Ostatni szlif Lecha w ekstremalnych warunkach. John van den Brom pewny siebie przed startem ligi

PAP / Jakub Kaczmarczyk / Na zdjęciu: John van den Brom
PAP / Jakub Kaczmarczyk / Na zdjęciu: John van den Brom

Lech Poznań czeka już na inaugurację rundy wiosennej PKO Ekstraklasy. Ostatnie sprawdziany zaliczał w ekstremalnych warunkach, mimo to trener John van den Brom jest zadowolony - także z sytuacji kadrowej.

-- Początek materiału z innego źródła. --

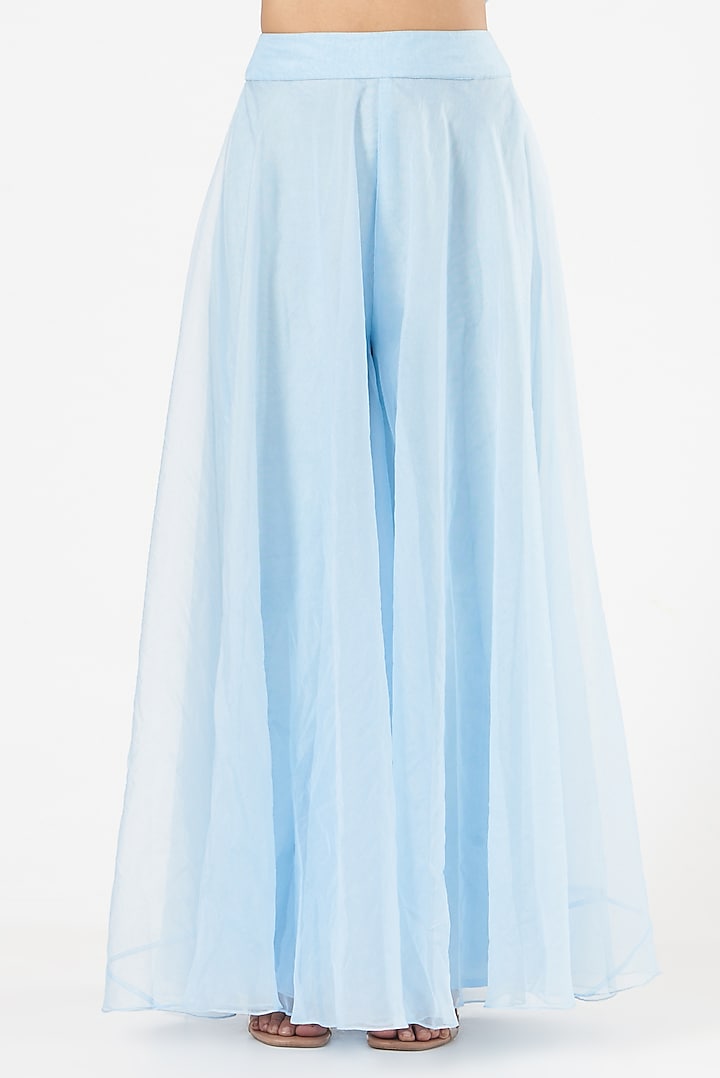 Powder Blue Printed Jacket Set by Chhavvi Aggarwal at Pernia's Pop Up Shop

W sobotę mistrz Polski rozegrał dwumecz z Hansą Rostock - 9. zespołem 2. Bundesligi. W pierwszej potyczce zwyciężył 4:0, natomiast w drugiej padł bezbramkowy remis.

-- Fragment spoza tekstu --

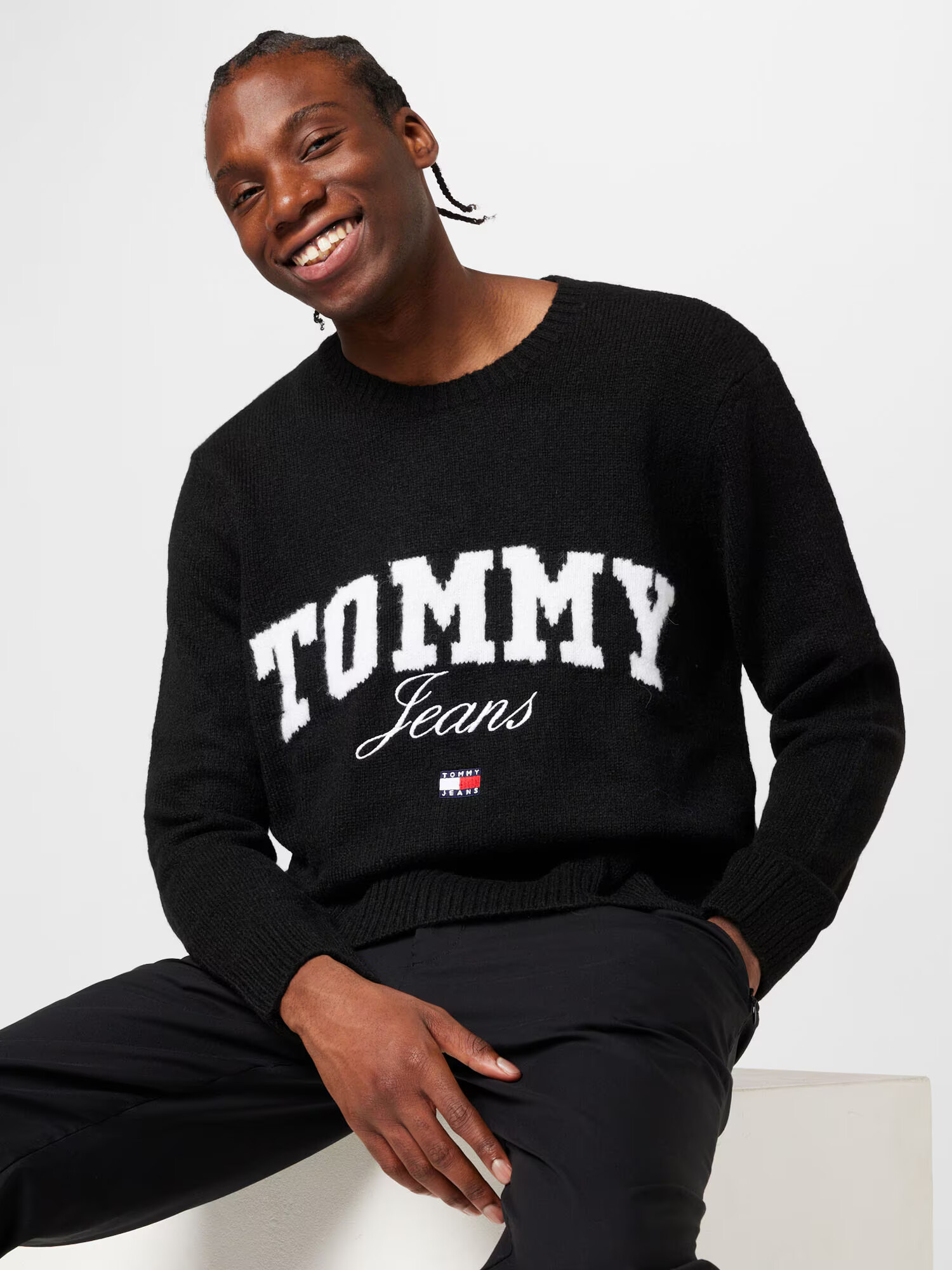 Tommy Jeans Pulover bleumarin / roșu / negru / alb - Pled.ro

Pogoda nieco storpedowała plany poznaniaków, bowiem pierwotnie jedno z tych spotkań miało się odbyć na głównej płycie Stadionu Miejskiego. Ostatecznie obie rozegrano na boisku bocznym, a powodem były obfite opady śniegu i fatalne warunki do gry.

Mimo to John van den Brom nie narzeka. - Nawet jeśli warunki nie były łatwe, staraliśmy się grać to, co sobie założyliśmy wcześniej. Tak było w obu sparingach. Jest przecież zima, więc można się spodziewać śniegu. Było zimno, było dużo śniegu, ale to był dobry sprawdzian, bo przecież możemy zagrać w podobnych warunkach także później. Najważniejsze jest to, jak dopasujesz się do sytuacji, a zawodnicy zrobili to dobrze - podkreślił na łamach oficjalnego serwisu klubu trener Lecha.

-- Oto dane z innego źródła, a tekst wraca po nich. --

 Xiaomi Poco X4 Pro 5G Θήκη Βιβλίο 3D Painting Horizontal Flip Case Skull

ZOBACZ WIDEO: Tyle chce zarabiać Josue w Legii. Oczekuje podwyżki

- Nie mamy żadnych urazów po tych meczach kontrolnych, co jest dla nas dobrą wiadomością. Wielu zawodników zagrało po 90 minut, co również jest dobre - dodał.

W sobotę na boisku nie pojawili się Lubomir Satka, a także Mikael Ishak. Sztab mistrza Polski dmuchał na zimne i nie chciał ryzykować ich zdrowia po drobnych dolegliwościach. Obaj jednak powinni być gotowi na inaugurację.

Batalię o stawkę mistrz Polski rozpocznie w najbliższy piątek o godz. 20.30, gdy w ramach 18. kolejki PKO Ekstraklasy zmierzy się na wyjeździe ze Stalą Mielec.

Aktualnie "Kolejorz" zajmuje 6. miejsce w tabeli z dorobkiem 28 pkt. Do otwierającego podium Widzewa Łódź traci tylko "oczko".